I began this exercise by trying to craft LUTs on my own via Photoshop. I spent years moonlighting as a digital imaging tech and it was fun to excavate tricks and processes long buried in that sector of my brain, but I quickly realized that I didn't have the time to do all this work. Fortunately, I didn't have to, the mad lads at Really Nice Images (RNI) had already done it for me. RNI All Films 5 pack is a collection of film profiles, presets, and image processing tools designed to emulate classic film stocks. What makes this pack so good is that the Lightroom edition makes use of Adobe's new(ish) approach to color profiles. Color profiles alter the way the program interprets the raw image, they function on a 1s and 0s level. This gives RNI, and you the user, tremendous control over the starting point of the image. You can adjust the intensity of the profile and RNI has gone to great lengths to ensure these profiles don't break your images (no clipped highlights in sight!). These profiles act as launching points for further edits. If I'm particularly undisciplined during a 2-3 hour live show I can come home with over 1,000 images. You don't want to keep artists waiting forever for images of their performance, so you need to find efficiencies. I experiment with a few images, settle on a look, and then get to batch processing.

The four pillars of this processing are:

  1. Grain

  2. Haze

  3. Micro-contrast

  4. Color

Grain and texture help make the image feel organic, as if there are living elements dancing across the frame carrying the light and color to compose the image. Pixel grids don't hit the same, too much science, not enough magic. Haze and bloom is a bit more nebulous and is applied less uniformly. In some images it makes sense to kill your contrast and soften your highlights, in some images that contrast *is* the image. Micro-contrast, often also described as clarity, can make the image a little crunchy, it in combination with grain gives the image some bite. Color shifts are even less uniformly applied than haze.
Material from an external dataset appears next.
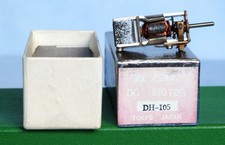 Vintage KTM DH-105 Japan Made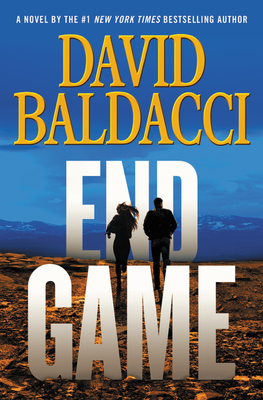 End Game (Will Robie Series #5)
What I do to the colors is dependent on the scene settings and if I'm actually trying to replicate a certain stock. Most of this processing can't be felt via platforms like Instagram, but they've declared still images dead anyway, so who cares. I have this here blog and I print my images, so I can see everything.
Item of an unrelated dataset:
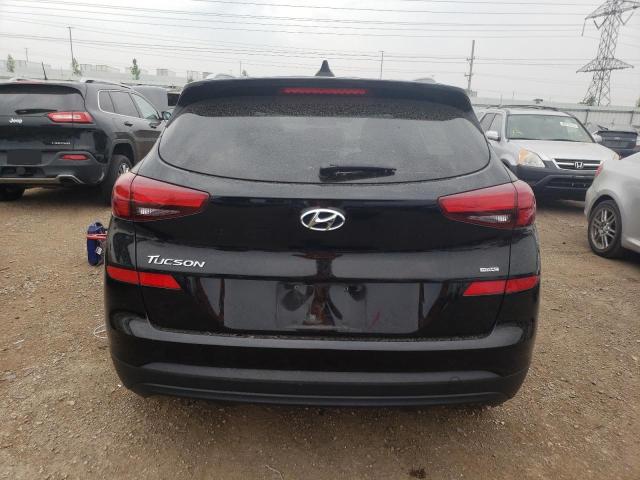 Photo 5 VIN: KM8J3CA40LU245923 - HYUNDAI TUCSON LIM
I don't know how long this treatment style will last. It's possible that I grow tired of it and begin to shift in another direction, but that feels unlikely. The look isn't quite set it and forget it, I will continue to refine the process, and shift the application to suite the needs of the project. It feels like digital photography has plateaued a bit, leading image makers to tinker with images they used to take as is. Greig Fraser is shooting digital, printing to film, and then scanning his print to add texture to projects like DUNE and THE BATMAN. Steve Yedlin and his crew have built their own procedural grain algorithms for his projects, while Deakins has leaned into digital and bent its inherent features to his sensibilities. Everyone is tinkering and movies and photos have never looked better.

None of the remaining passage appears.